Yikes. What if he can never ride a bike again? After chatting for several minutes, I realized that he would do fine without the bike. Just like I would do fine without trails. Either way, I just had to “be.” “It is what it is,” as we always say in my home. (My husband brought that saying into our home. Another thing he has passed on is, “Embrace the suck!”)

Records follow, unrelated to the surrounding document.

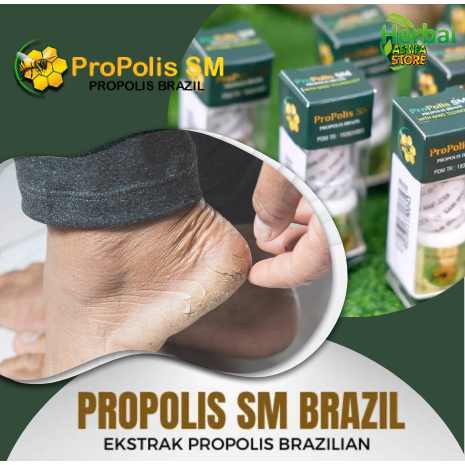 Obat Penghilang Gatal Gatel Kaki Pecah2 dan Kering | Salep Herbal Oles Untuk Menghaluskan Tumit kaki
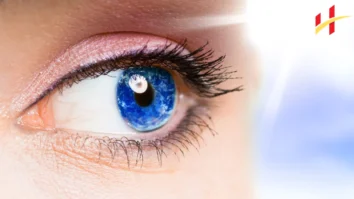 How to Remove Brown Spots in Eyes Naturally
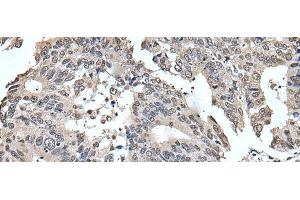 Immunohistochemistry of paraffin-embedded Human colorectal cancer tissue using TRIM23 Polyclonal Antibody at dilution of 1:55(x200) (TRIM23 anticorps)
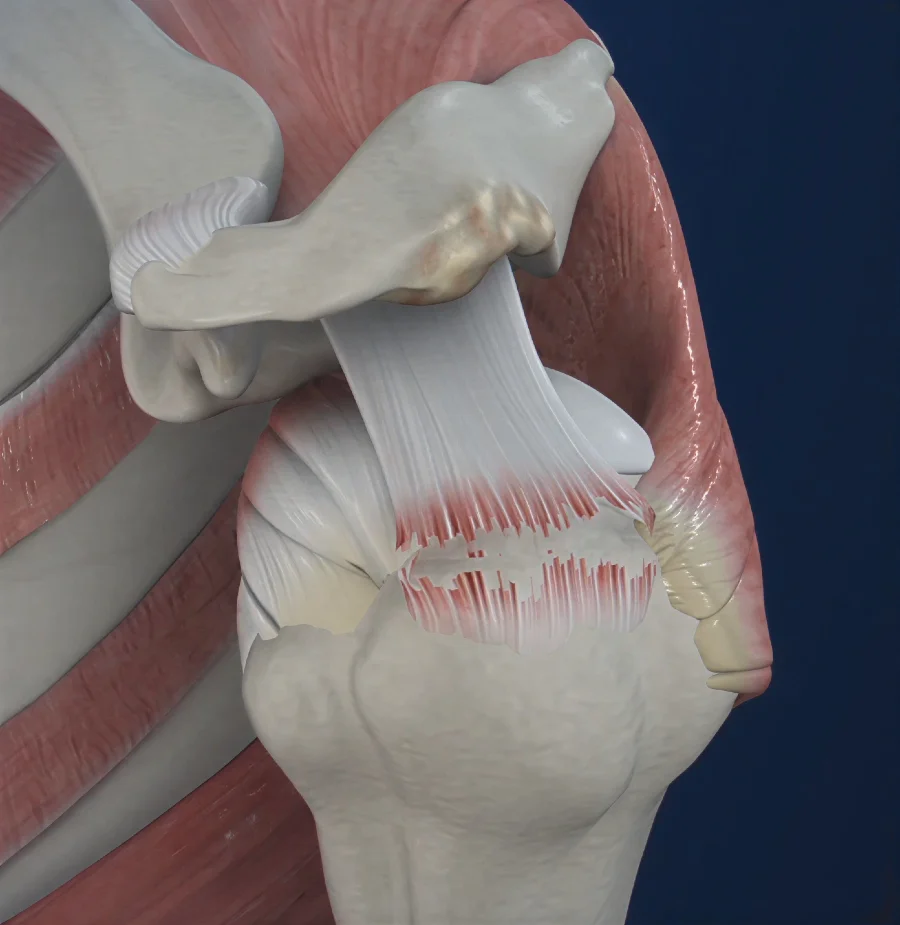 3D model showing a full thickness supraspinatus tendon tear with complete disruption of the supraspinatus tendon in the rotator cuff.
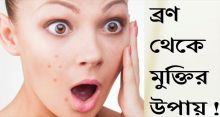 <font style='color:#000000'>জেনে নিন ব্রণ থেকে মুক্তি পাওয়ার উপায়</font>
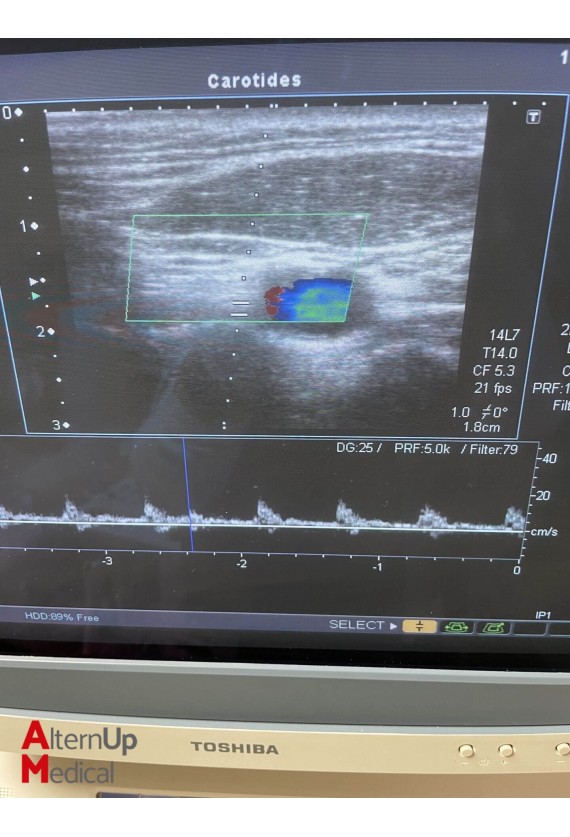 Toshiba Xario SSA-660A Ultrasound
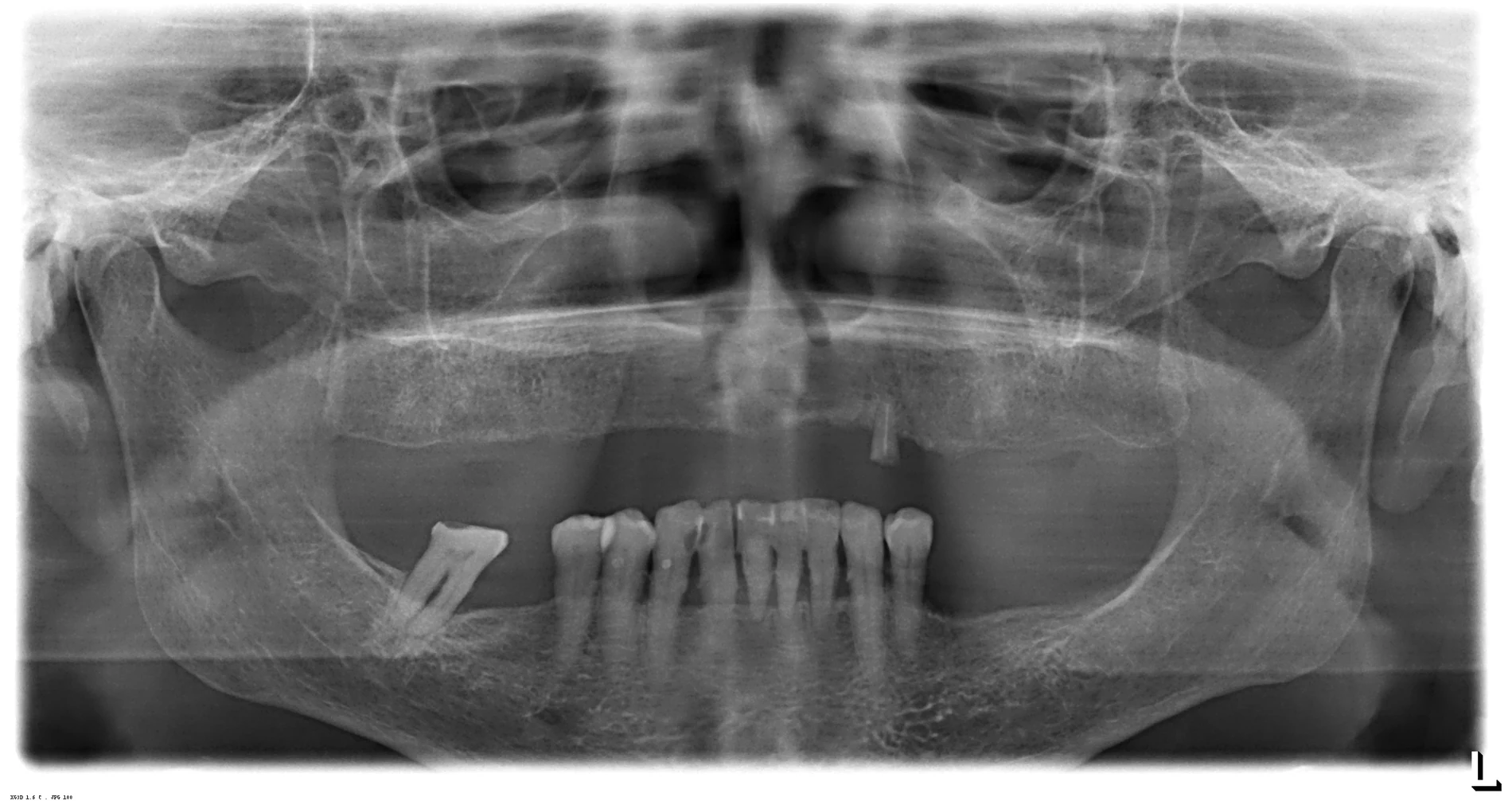 Radiografie panoramică inițială: maxilar edentat și dinți mandibulari cu pierdere osoasă avansată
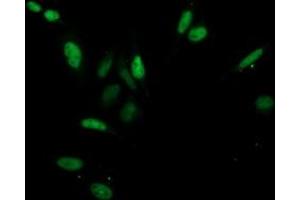 Image no. 4 for anti-Cyclin-Dependent Kinase 2 (CDK2) antibody (ABIN1497394) (CDK2 Antikörper)
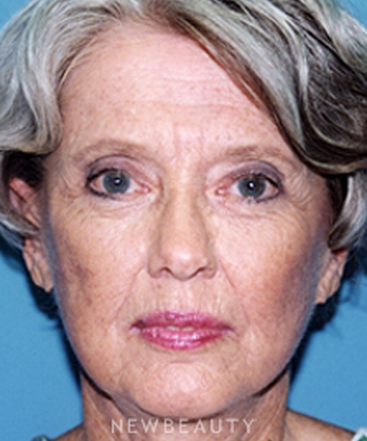 dr-david-rapaport-blepharoplasty-facelift-b
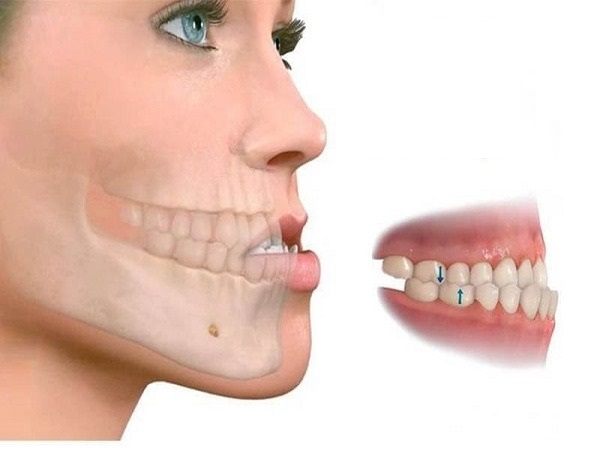 Răng móm hay còn gọi là khớp cắn ngược, là tình trạng thường gặp tại nha khoa 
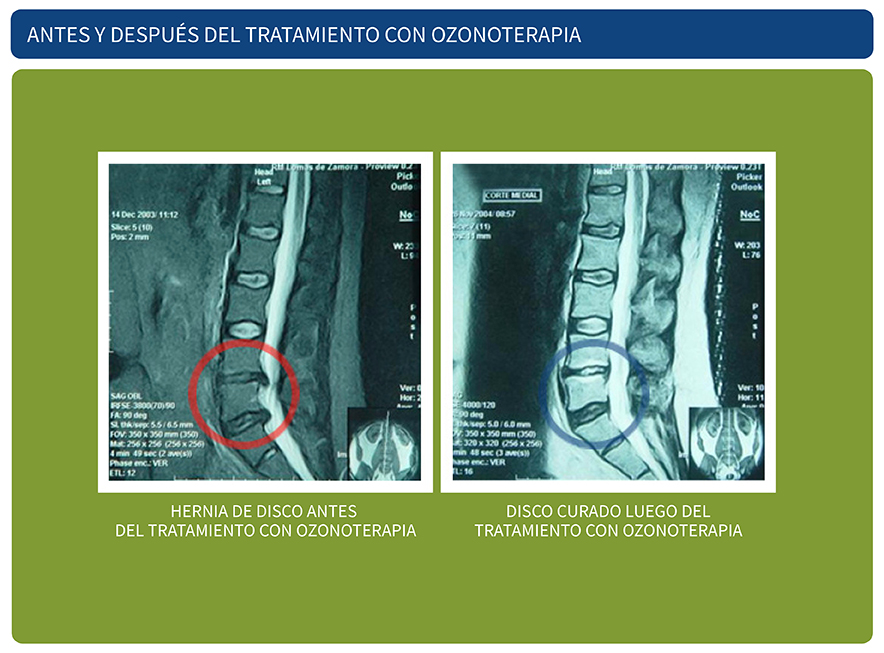 Antes del tratamiento de ozonoterapia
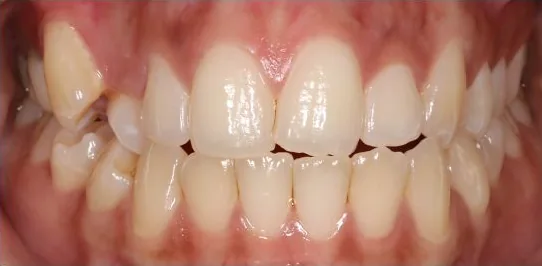 Open Bite and Crowded Teeth treated with braces before orthodontic treatment at Elate Orthodontics, case 3566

HOWEVER, I do love the trails. And I’m aiming to get back to them, even if just for a “test drive.” Finally, I did that yesterday. After I dropped the boys off at school, I drove an hour up the mountain for a short run to Sugarloaf Peak. The mountains were cold, the skies full of voluminous clouds. I fell no less than five times – that’s right, at least five times. I tripped frequently. And once as I ran through the trees I said out loud, “Please Mr. Tree, don’t poke me in the head.” Then one of their branches promptly poked me in the head. By time my run was finished, my calves were bleeding and scratched up. By the time my run was finished, I also summited Sugarloaf Peak which was pretty dang fun, that kind of hellish fun. The climb to the peak was so steep, I fell back several feet more than once. Some parts, I needed to scramble on all fours. When I finally reached the summit, I saw the only two people I would see during the entire run. I waved to them as they rested below on a rock that’s named Cocktail Rock.
In all, I ran a little less than eight miles. Those last few miles were pretty dang miserable, and I needed to hike frequently. As usual, the tranquil loneliness, the rocky terrain, the enormous skies made everything well worth it. I love the trails.